Because of what I said about Mike and Steve…

“That’s between you, Mike and Steve,” the girl replied.

But everyone despises me, I told her.

“They’ll get over it.”

And they did. It was a long haul until June, but I was slowly accepted by my classmates once the sting wore off. I learned a valuable lesson, though: Adversity is allowed in our lives for a reason. We don’t grow from perfection. The damaging situation should be our discipline, not the power of other people. I don’t agree that we should break down and beg others to let us back in their lives or their good graces.  I also don’t believe self-pity is an appropriate use of our time or tears, and I don’t think we should consider ourselves victims in situations that we created. But, I do believe that we should shut up and learn from the silence. There’s something to be said for keeping our mouths closed. Stop begging. Stop explaining. Stop arguing. Stop debating. Stop insisting. Stop proving. Stop campaigning. Stop trying.

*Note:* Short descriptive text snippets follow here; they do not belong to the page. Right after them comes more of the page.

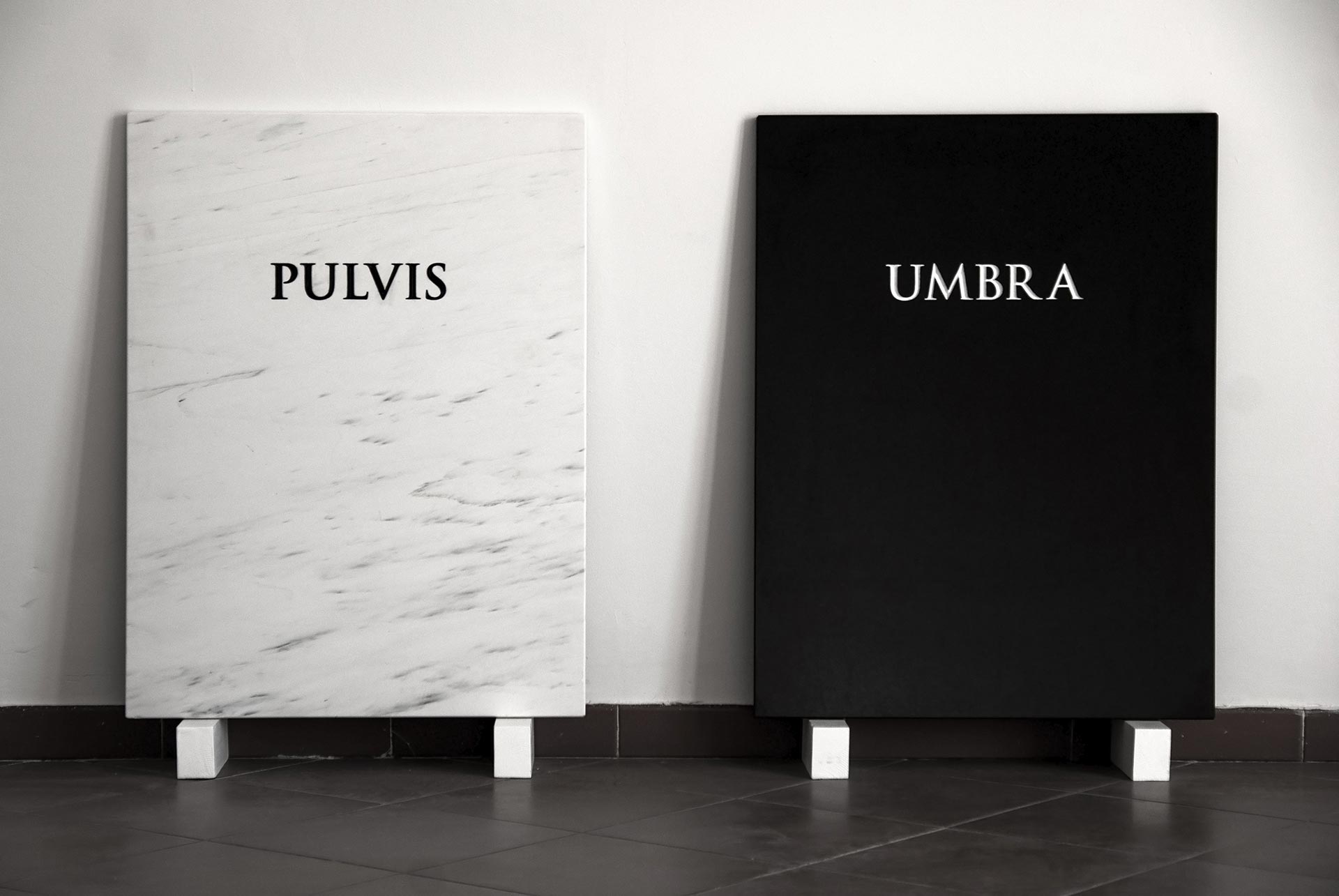Pulvis et umbra, 2021, marmo Acquabianca, granito nero assoluto, 2 pezzi cm 60x80 cad.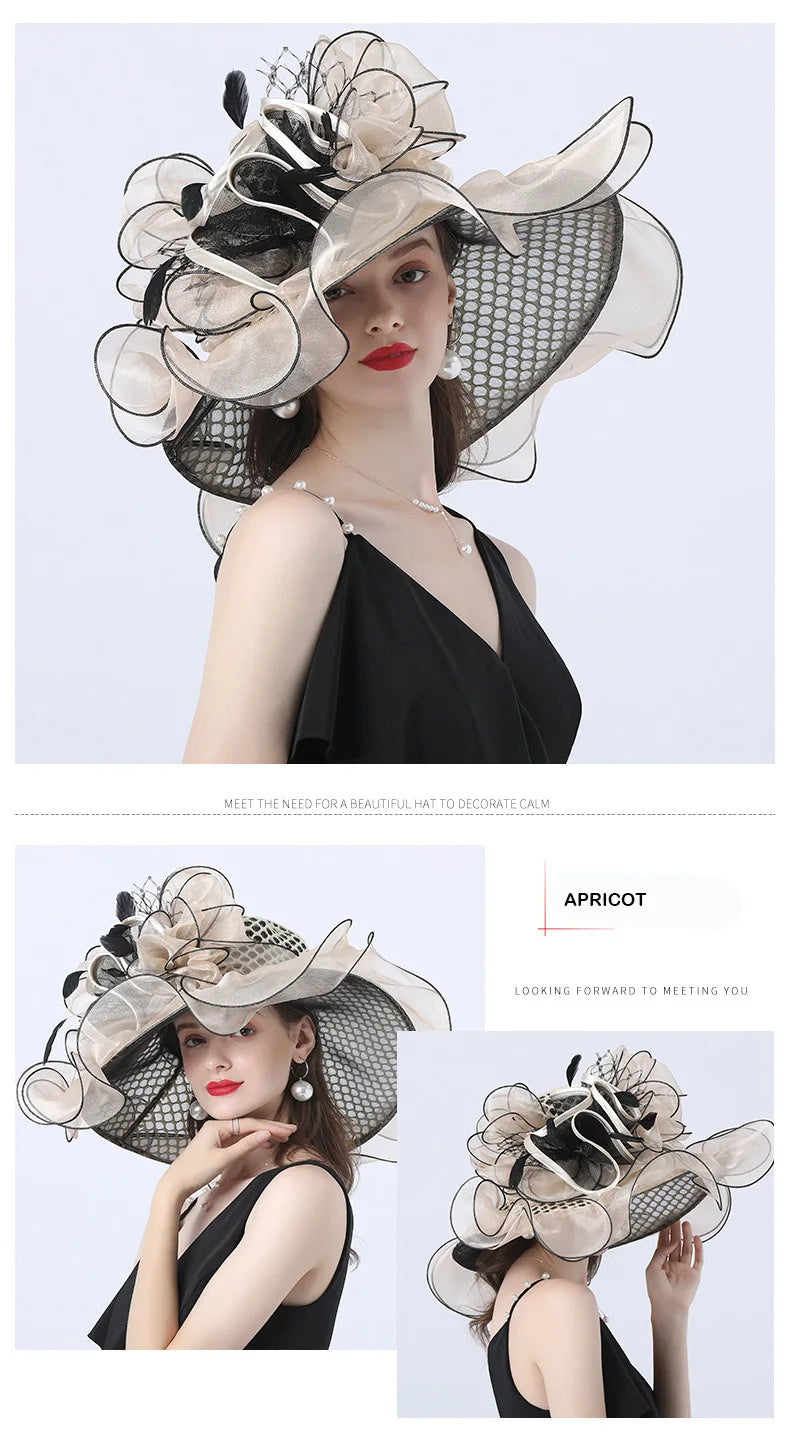 FS Women Organza Red Hats Wedding Fascinators Elegant Big Wide Brim Fedora Kentucky Derby Hats Party Formal Church Ladies Hat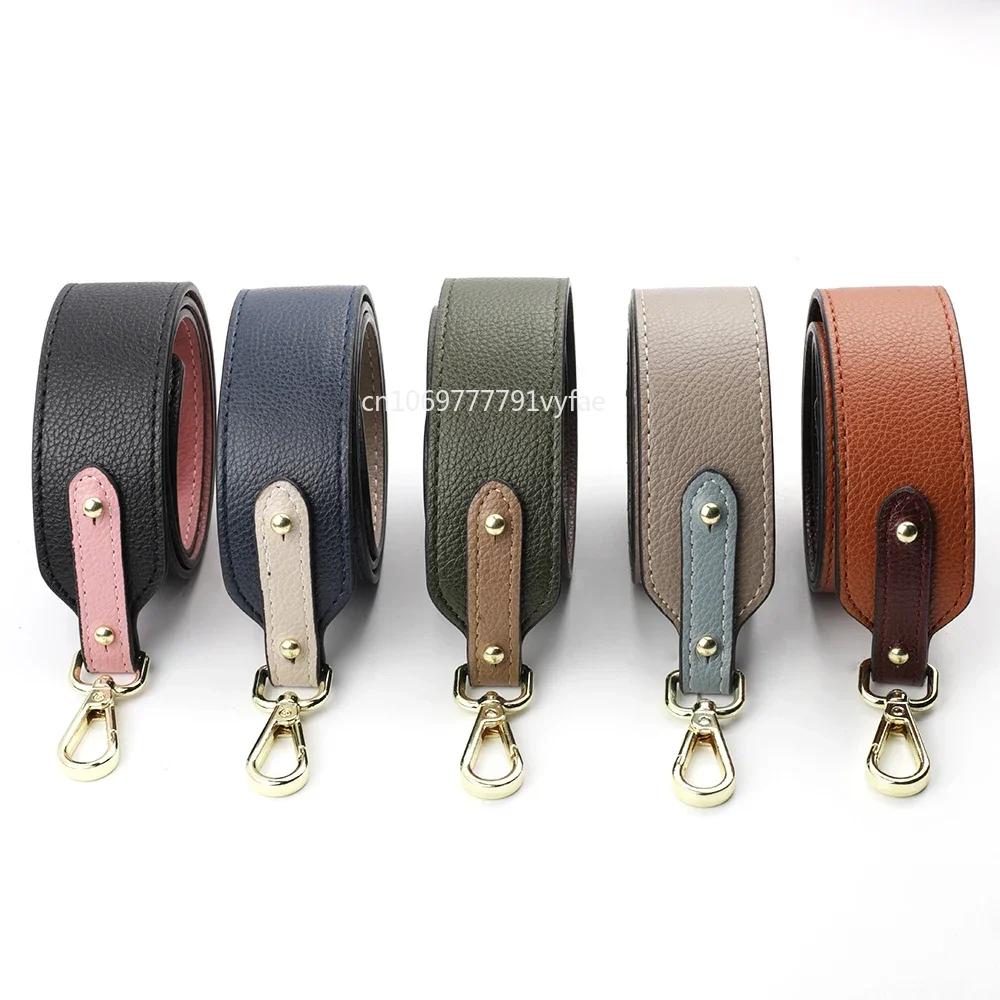 95cm Luxury Genuine Leather Double-sided Bag Strap Wide Shoulder Strap Cross Body Adjustable Belt Replacement Bag Accessories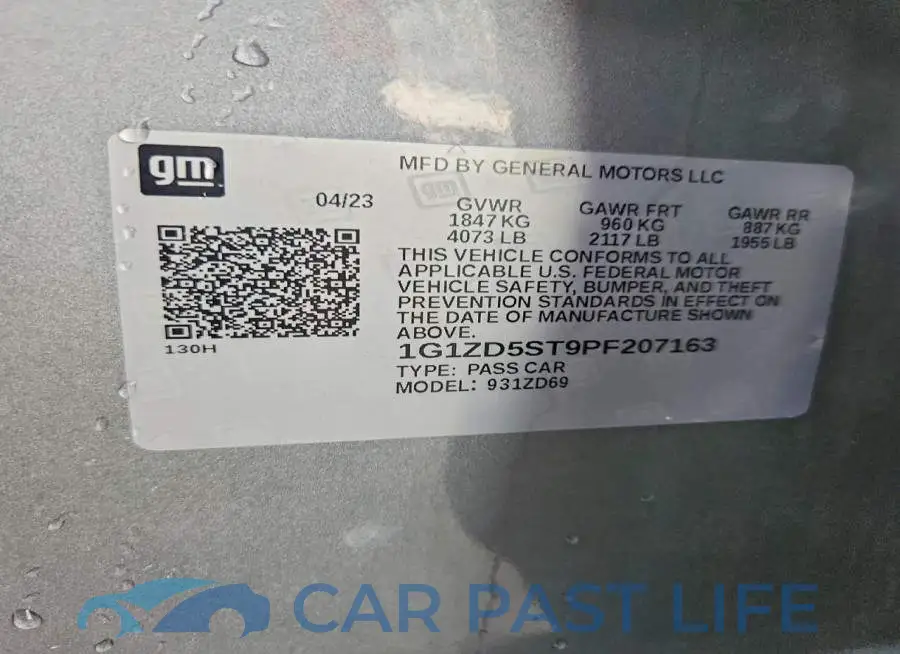 1G1ZD5ST9PF207163# 12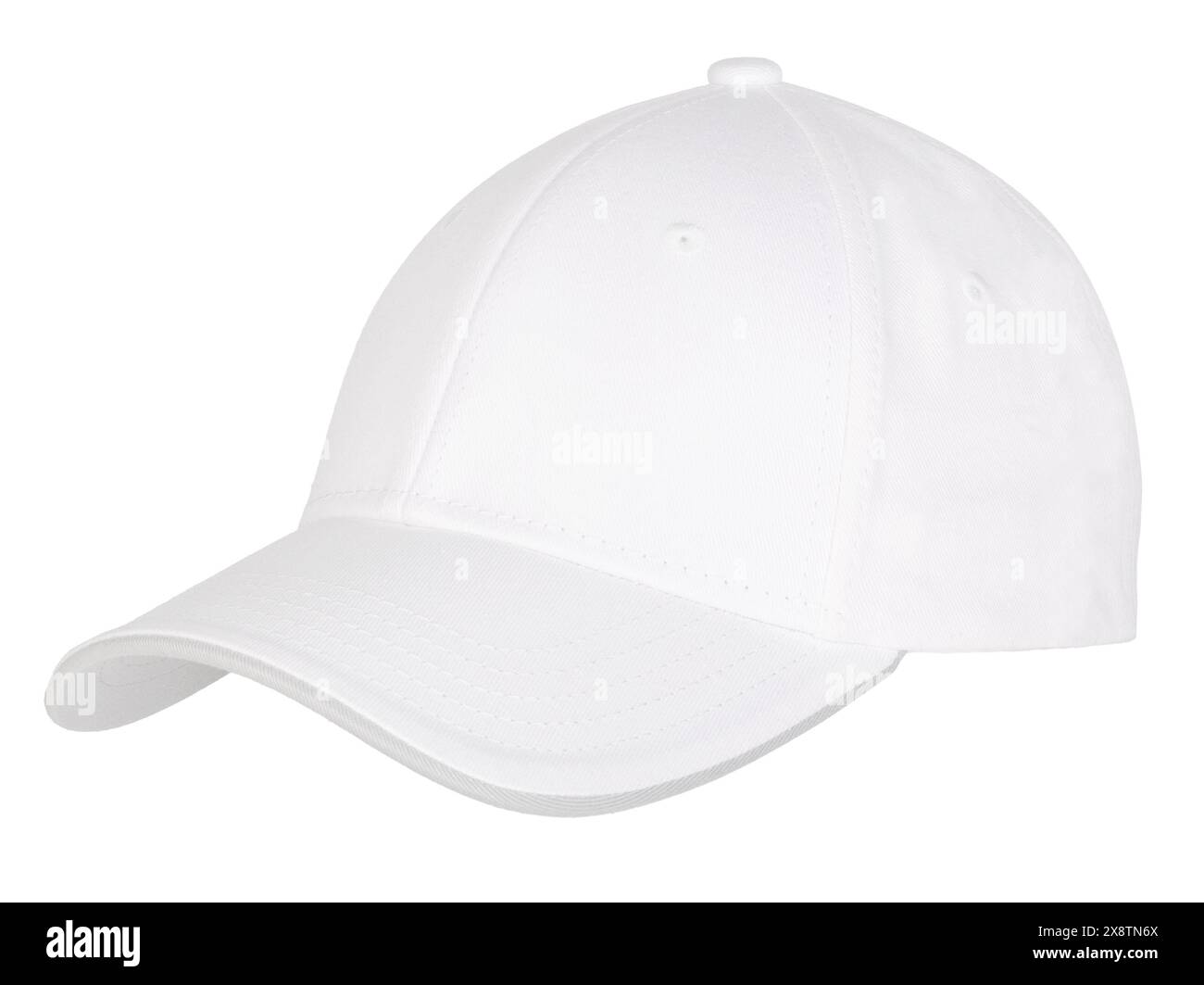 Berretto da baseball bianco semplice, isolato. Foto Stock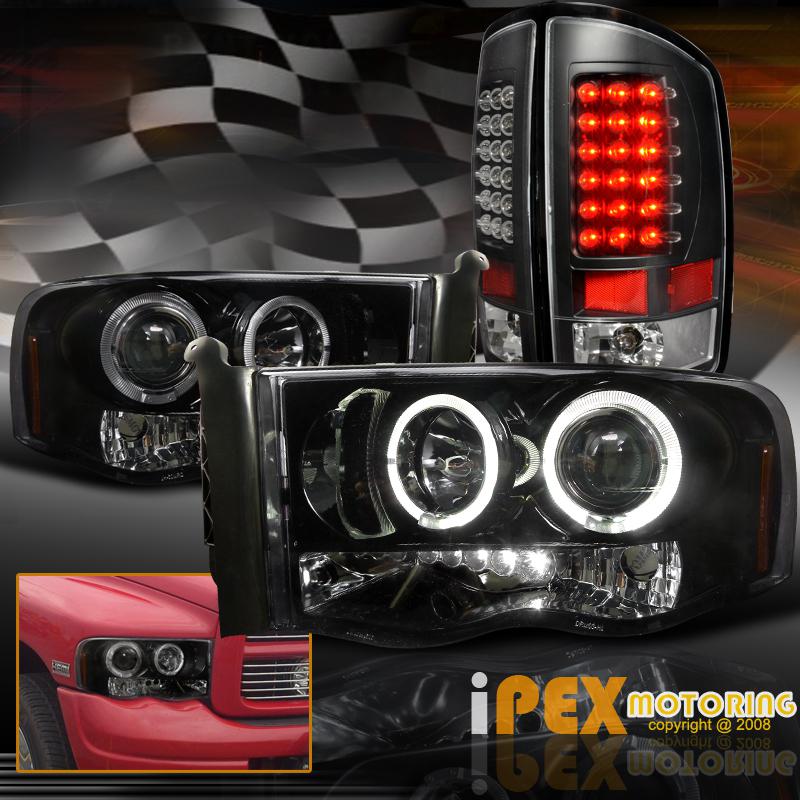 02-05 dodge ram glossy pearl halo projector head lamps+led black rear tail light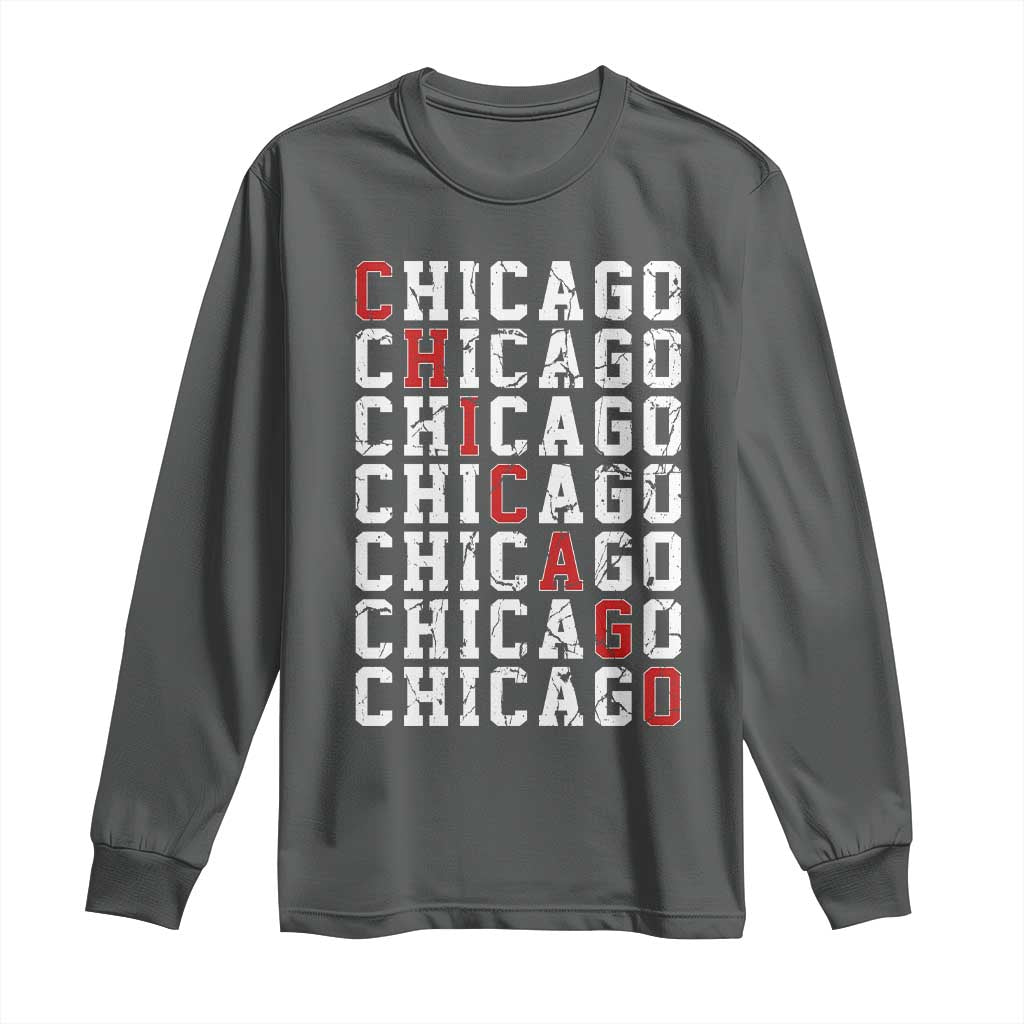 Vintage Chicago Long Sleeve Shirt Retro Distressed Classic Chicago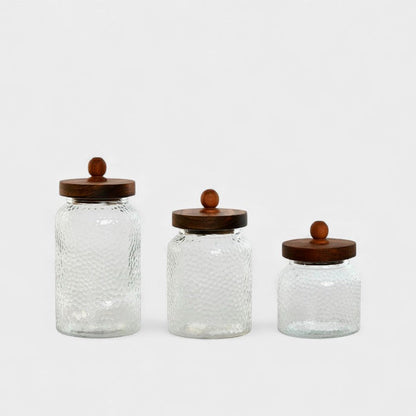 Set 3 Bocaux en verre martelé et bois d'acacia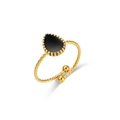 Adjustable gold-plated stainless steel rope ring with black teardrop inlay and beads - Black Waterdrop / Adjustable Open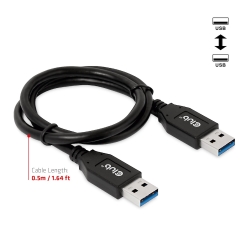 Club3D Kabel USB Typ-A Gen2 0,5m 10 Gbps St/St retail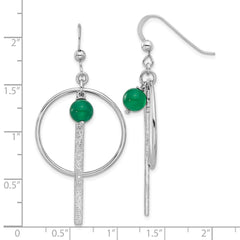 Sterling Silver Green Onyx Circle and Bar Dangle Earrings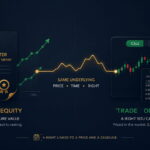 Diagram comparing employee stock options and traded call/put options, showing how both are a right linked to a price and deadline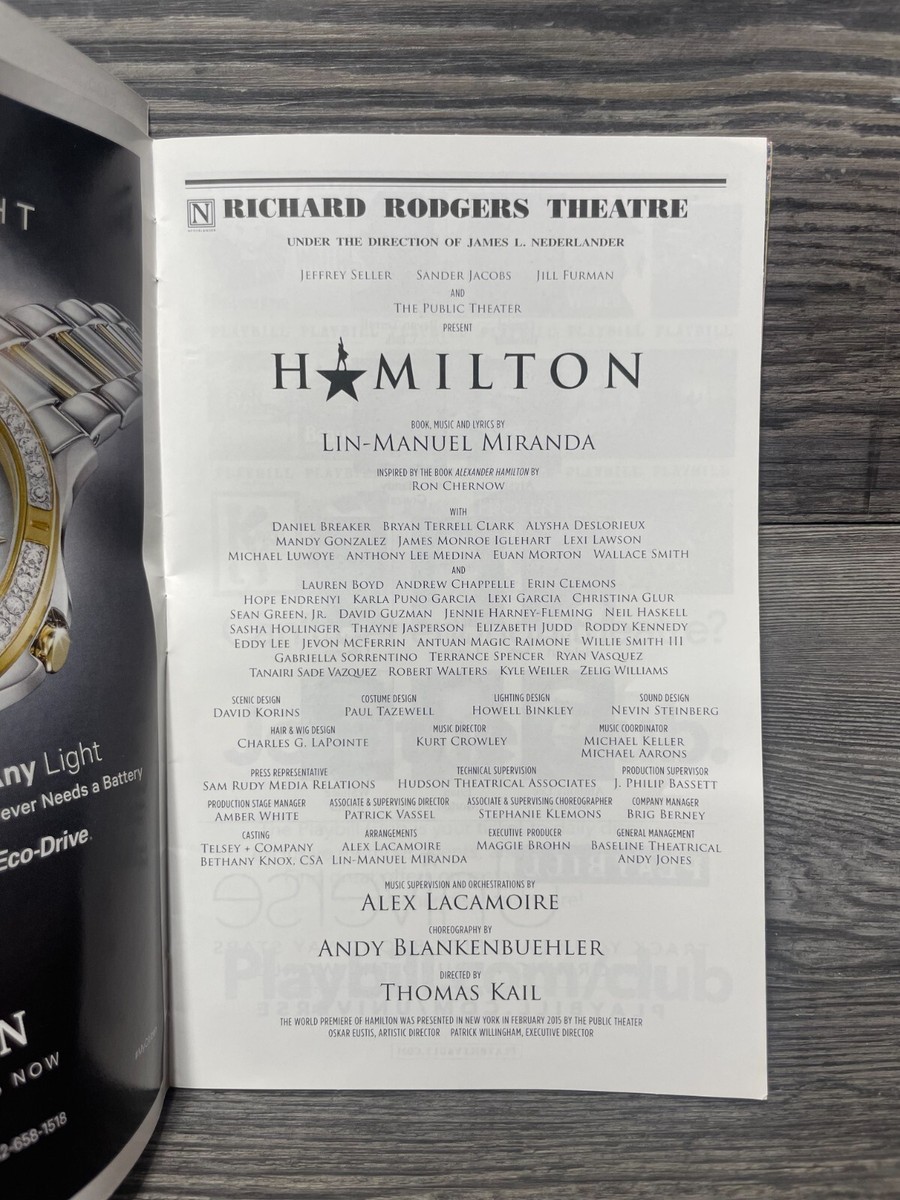 HAMILTON, PLAYBILL, AUGUST 2018, RICHARD RODGERS THEATRE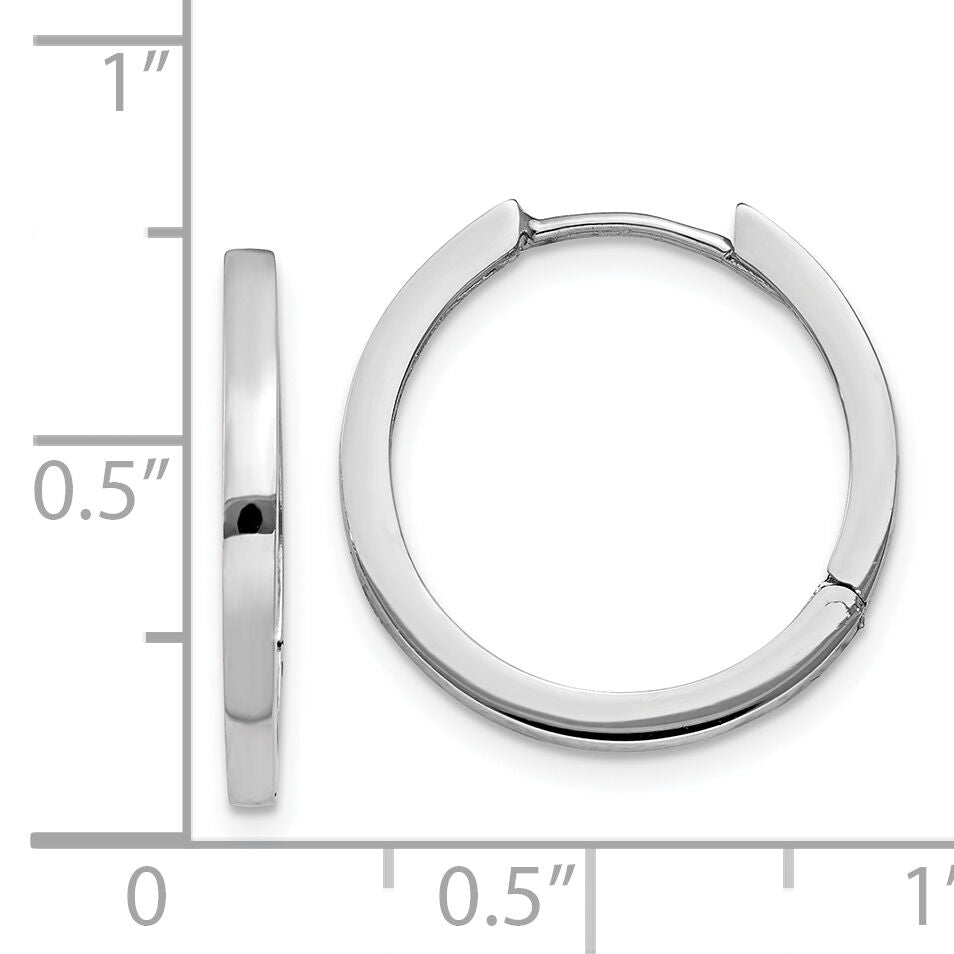 14K White Gold Hinged Hoop Earrings-TM621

Just stop. Let people distance themselves if that’s what they want to do, or feel they need or have to do. If friends bolt, then let them go. If they want to harbor resentment, whether the reason directly involves them or not, then accept that the relationship is over. Maybe it’s for the best.

We moved on to junior high, where I met kids from different elementary schools, and it launched what would become the best years of my young adult life. What happened in sixth grade would be forgotten. However, I still remember the feeling of being wrong, particularly when my own children apologize for something they’ve done. And I take their word for it.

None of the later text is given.